On Friday, Reuters reported that Snapchat was removing only dozens of children in Britain from its platform each month, compared with tens of thousands blocked by rival TikTok.
"Parents are crying out for better protections for children online and especially on social media," said Lucy Powell, Shadow Secretary of State for Digital, Culture, Media and Sport in a statement issued in response to Reuters' report.
"The Government has delayed and now watered down the online safety bill, relying almost entirely on age verification technologies which aren't fool proof, when we know that many children pass themselves off as older online."
Powell added that the British government needs to strengthen the bill to "take on the algorithms and business models of platforms which promote harm and fail to protect children."
According to the data shared with media regulator Ofcom and seen by Reuters, between April 2021 and April 2022, TikTok blocked an average of around 180,000 suspected underage accounts in Britain every month, or around 2 million in that 12-month period.
In the same period, Snapchat told the watchdog it had removed approximately 60 accounts per month, or just over 700 in total.
A Snap spokesperson told Reuters the figures misrepresented the scale of work performed by the company to keep under-13s off its platform.

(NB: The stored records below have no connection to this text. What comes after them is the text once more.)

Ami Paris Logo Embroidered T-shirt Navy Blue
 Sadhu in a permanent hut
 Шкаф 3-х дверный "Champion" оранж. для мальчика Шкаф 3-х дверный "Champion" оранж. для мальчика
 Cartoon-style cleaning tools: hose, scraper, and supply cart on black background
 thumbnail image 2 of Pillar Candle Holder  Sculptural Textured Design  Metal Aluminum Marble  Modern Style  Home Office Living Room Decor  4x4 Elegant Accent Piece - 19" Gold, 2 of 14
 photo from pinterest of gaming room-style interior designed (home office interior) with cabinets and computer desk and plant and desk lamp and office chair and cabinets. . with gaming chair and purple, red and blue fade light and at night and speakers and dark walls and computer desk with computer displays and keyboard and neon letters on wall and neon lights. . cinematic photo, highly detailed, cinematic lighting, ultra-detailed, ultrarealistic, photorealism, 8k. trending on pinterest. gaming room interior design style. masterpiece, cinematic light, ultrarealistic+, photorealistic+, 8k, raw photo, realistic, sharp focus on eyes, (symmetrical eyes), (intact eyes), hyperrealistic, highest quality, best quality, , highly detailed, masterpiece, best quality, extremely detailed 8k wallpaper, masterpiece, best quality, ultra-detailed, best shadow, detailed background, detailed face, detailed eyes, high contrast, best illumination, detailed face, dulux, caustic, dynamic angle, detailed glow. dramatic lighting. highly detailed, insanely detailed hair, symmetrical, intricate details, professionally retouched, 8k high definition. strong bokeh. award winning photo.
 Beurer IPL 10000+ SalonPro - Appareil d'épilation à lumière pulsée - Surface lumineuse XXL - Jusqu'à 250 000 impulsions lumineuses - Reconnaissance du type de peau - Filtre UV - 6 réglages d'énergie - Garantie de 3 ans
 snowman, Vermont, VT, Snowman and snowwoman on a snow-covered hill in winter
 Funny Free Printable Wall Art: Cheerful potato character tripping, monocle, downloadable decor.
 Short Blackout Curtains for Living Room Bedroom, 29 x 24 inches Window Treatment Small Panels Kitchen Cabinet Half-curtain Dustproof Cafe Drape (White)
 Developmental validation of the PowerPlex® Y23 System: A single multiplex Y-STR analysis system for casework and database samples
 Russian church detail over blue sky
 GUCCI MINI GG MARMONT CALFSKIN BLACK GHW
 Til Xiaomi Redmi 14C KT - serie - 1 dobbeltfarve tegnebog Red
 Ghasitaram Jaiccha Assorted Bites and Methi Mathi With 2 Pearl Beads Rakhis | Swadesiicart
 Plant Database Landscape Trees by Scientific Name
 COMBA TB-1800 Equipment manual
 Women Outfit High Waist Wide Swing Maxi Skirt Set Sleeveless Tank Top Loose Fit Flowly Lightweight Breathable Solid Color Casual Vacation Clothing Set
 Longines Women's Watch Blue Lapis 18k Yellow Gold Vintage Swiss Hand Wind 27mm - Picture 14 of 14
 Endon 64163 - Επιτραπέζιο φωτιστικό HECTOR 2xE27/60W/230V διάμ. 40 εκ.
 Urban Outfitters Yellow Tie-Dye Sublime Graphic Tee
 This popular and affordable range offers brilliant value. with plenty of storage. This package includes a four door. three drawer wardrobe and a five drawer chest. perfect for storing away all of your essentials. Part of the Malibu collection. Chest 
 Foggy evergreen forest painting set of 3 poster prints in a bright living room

The spokesperson declined to provide additional context or to detail specific blocking measures taken by the company.
A government spokesperson told Reuters the Online Safety Bill would stop social media platforms from letting underage users onto their platforms.
"Tech firms will have to put in place tough measures such as age assurance technologies to ensure they properly enforce their own user age limits, with huge fines for those who don't comply."